Le Marseillaise

Le Marseillaise is the national anthem of France. It was named after the city of Marseille, which sits on the southern coast of France on the Mediterranean, and which has never been the capital city. I wondered how this came about.

Le Marseillaise was written and composed by Claude Joseph Rouget de Lisle in 1792 and was originally titled “Chant de guerre pour l’Armée du Rhin” (War Song for the Army of the Rhine). It was penned at a time when France was under attack by Prussia and Austria. Although the song was originally dedicated to Marshal Nicolas Luckner, a Bavarian in French service, the melody soon became a rallying call for the French Revolution. It became known as La Marseillaise after it was sung on the streets of Paris by volunteers from Marseille.

Following the American Declaration of Independence in 1776, the French Revolution in 1792, and the decapitation of King Louis XVI and his bride Marie Antoinette in 1793, monarchies across Europe were understandably worried. If the French principles of liberté, égalité, fraternité (liberty, equality, and brotherhood) spread, this would be bad news for nobles all across Europe.
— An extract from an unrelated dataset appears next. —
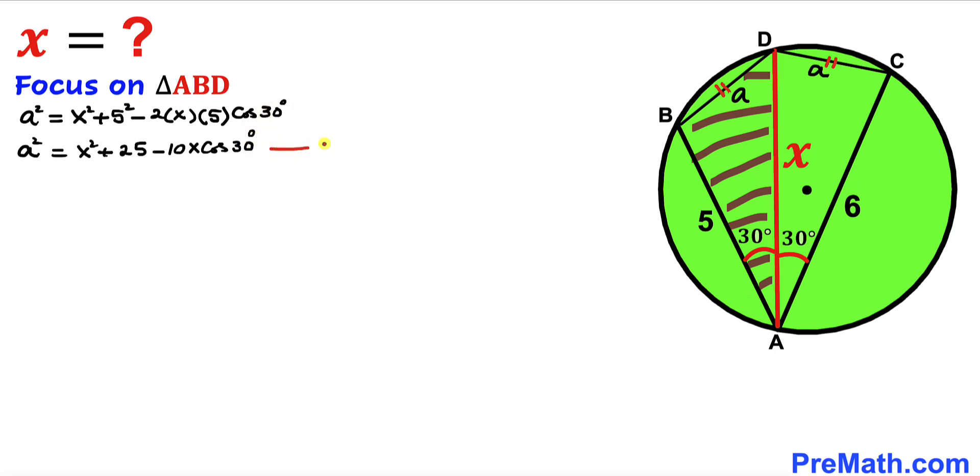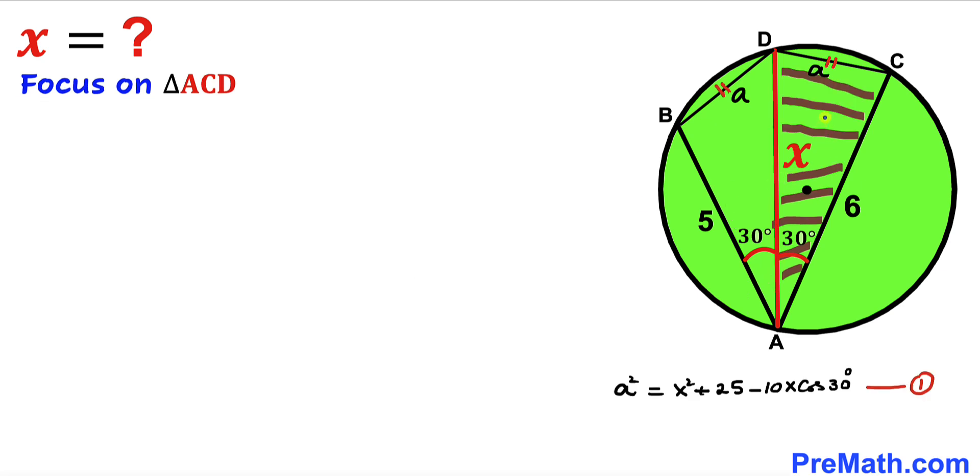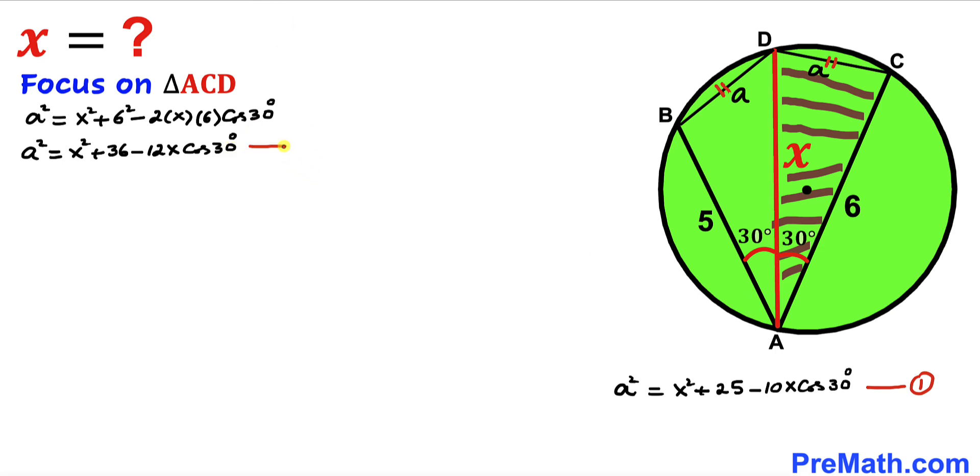Now let's focus on the other triangle ACD, whose side lengths are 6, x, and lowercase a, with the angle again being 30 degrees. Applying the law of cosines: a² = x² + 6² − 2·x·6·cos30°, which simplifies to a² = x² + 36 − 12x·cos30°. Let's label this equation number 2.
Partly out of fear, but also sensing an opportunity take advantage of apparent French disorganization, Britain, Spain, The Netherlands, Austria, Piedmont, and Prussia all battled France at the same time.

The battled-hardened French Revolutionaries welcomed the fight, and saw it as an opportunity to spread their revolutionary principles and to liberate the rest of Europe. The French soldiers were citizens motivated by principle and fared well against the apathetic armies of the other European nations, but they lacked the leadership necessary to wage large scale war (a gap which would soon be filled by Napoleon).

The French National Convention adopted Le Marseillaise as the Republic’s anthem in 1795, making it France’s first anthem. Although it lost this status temporarily under Napoleon and subsequent leaders, in 1879 it was restored as France’s national anthem and has remained so ever since.

There is a movement afoot to soften the words of Le Marseillaise, saying that perhaps it is not becoming for a modern nation such as France. It is shocking to think these words are taught to and sung by French children today, but one must remember when and under what conditions it was written and how it became significant.

Here are the words, translated into English, of the first verse and chorus most often sung.

Let’s go, children of the Fatherland,
The day of glory has arrived!
Against us of tyranny
The bloody banner is raised (repeat)
Do you hear, in the countryside,
The roar of those ferocious soldiers?
They are coming nearly into our arms,
To cut the throats of our sons and women!

To arms, citizens,
Form your battalions,
Let’s march, Let’s march!
That an impure blood
Waters our furrows!


I find it very interesting that this battle cry, intended to anger and rally French revolutionaries over 200 year ago, has survived as their national anthem today. If I was 6-year-old Jacques, learning the words for the first time, I might be worried that they were coming to slit my throat, or perhaps whether French produce was contaminated. For a nation that many Americans regularly criticize as being ‘yella’, they sure have a kick-ass national anthem.